If you use Chrome – Google’s widespread browser – you may have noticed some changes on your website pages that are now marked as an unsafe site. In fact, with a series of updates started in 2017 and in particular with the latest versions of Chrome, Google is committed to ensuring an increasingly secure web, reporting as potentially harmful and at risk sites without SSL certificate and therefore not in accordance with the protocol HTTPS .
Unsafe site, penalized in the SERP who does not adopt security protocols
The goal of Google is simple: to label as unsafe all sites with the old HTTP protocol, gradually introducing a series of signals that alert the user of a potential risk for the security of their privacy. In this regard, Google constantly provides data on the use of the HTTPS protocol, on Google and all over the web, with a visible report on the Transparency Report website. It is also reported that all websites that do not adopt HTTPS security protocols on their domain will also be penalized within the Google SERP (the SERP is more commonly known as the search engine results page, the results that appear then after typing within the search bar of Google, Bing, Yahoo and other search engines).

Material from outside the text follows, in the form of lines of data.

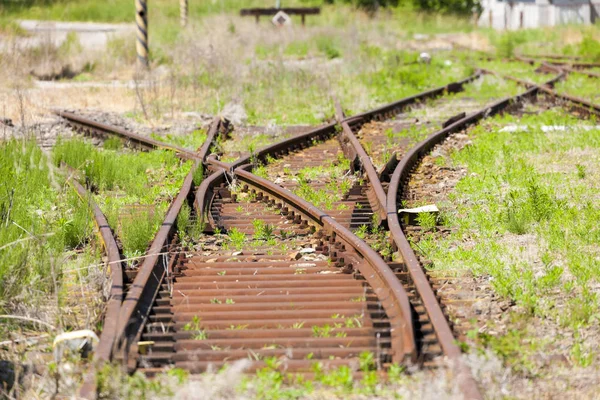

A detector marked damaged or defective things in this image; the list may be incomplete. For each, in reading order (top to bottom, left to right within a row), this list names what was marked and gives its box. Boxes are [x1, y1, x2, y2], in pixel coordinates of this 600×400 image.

rusty steel rail [53, 110, 197, 160]
rusty metal surface [54, 110, 198, 160]
rusty steel rail [232, 166, 414, 362]
rusty steel rail [384, 72, 568, 400]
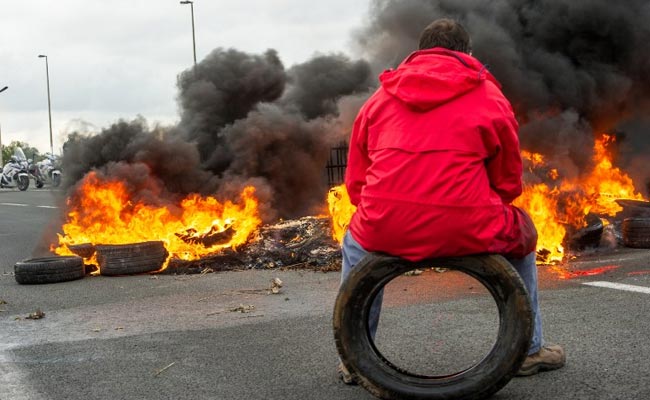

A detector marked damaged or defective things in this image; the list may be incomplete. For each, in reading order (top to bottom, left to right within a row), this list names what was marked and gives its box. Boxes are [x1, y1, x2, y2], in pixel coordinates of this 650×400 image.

burnt tire pile [616, 217, 648, 248]
burnt tire pile [14, 256, 85, 284]
burnt tire pile [96, 241, 168, 276]
burnt tire pile [334, 253, 532, 400]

Unsafe site, but what are HTTP and HTTPS really?
But let’s take a step back and clarify the meaning of HTTP and HTTPS. HTTP stands for “Hypertext Transfer Protocol” or protocol for transferring a hypertext. The HTTP was born in the 80s and is used as a system for the transmission of information on the web. This fundamental protocol works on a request / response mechanism (client / server): the client makes a request and the server returns the response. In common use, the client corresponds to the browser and the server to the website.
The HTTPS, in contrast to its predecessor, uses the Secure Socket Layer (SSL) protocol, which provides three levels of fundamental protection:
- Encryption: the data exchanged are encrypted and therefore protected from interceptions
- Data integrity: any kind of modification or data corruption during the transfer is detected
- Authentication: shows that users communicate with the intended website. It protects against man-in-the-middle attacks and instills confidence in users, which translates into other business benefits
The SSL Certificate thus attests to a valid protection in the transmission of data on the web
An SSL Certificate is therefore the attestation of a valid and reliable protection in the context of the secure transmission of data. Protection confirms reliability by encrypting data in order to protect transmitted information. Whether it’s personal information, whether its password or credit / debit card information. However, it should not be forgotten that the use of symbols and various indications by Google generates the risk of losing the trust transmitted to visitors and therefore it is possible that this negatively affects positioning in search results and consequently on your software of video animation services business.
Unsafe site: check if yours has a “gray lock”
Since version 69 of Chrome (September 2018) further changes have been made to the indicators on the address bar. In fact, the green bar disappears with the text “Safe” and only the gray lock remains to indicate the presence of an SSL certificate. The reason – as stated on the blog Chromium – official voice of the browser of Google – is simple: the web should always be secure and should be reported instead only the unsafe sites (and therefore without SSL certificate).
Therefore, you cannot do without the gray lock if – for example – you have an e-commerce site. The goal is to sell and the sale takes place by sending information from the device on which we are browsing to the seller’s platform. The information collected by e-commerce issensitive that is, personal and confidential, one on all the credit card number and the relative code. An e-commerce site cannot overlook this aspect of security. It is a lack that can be reflected negatively (also) on online positioning.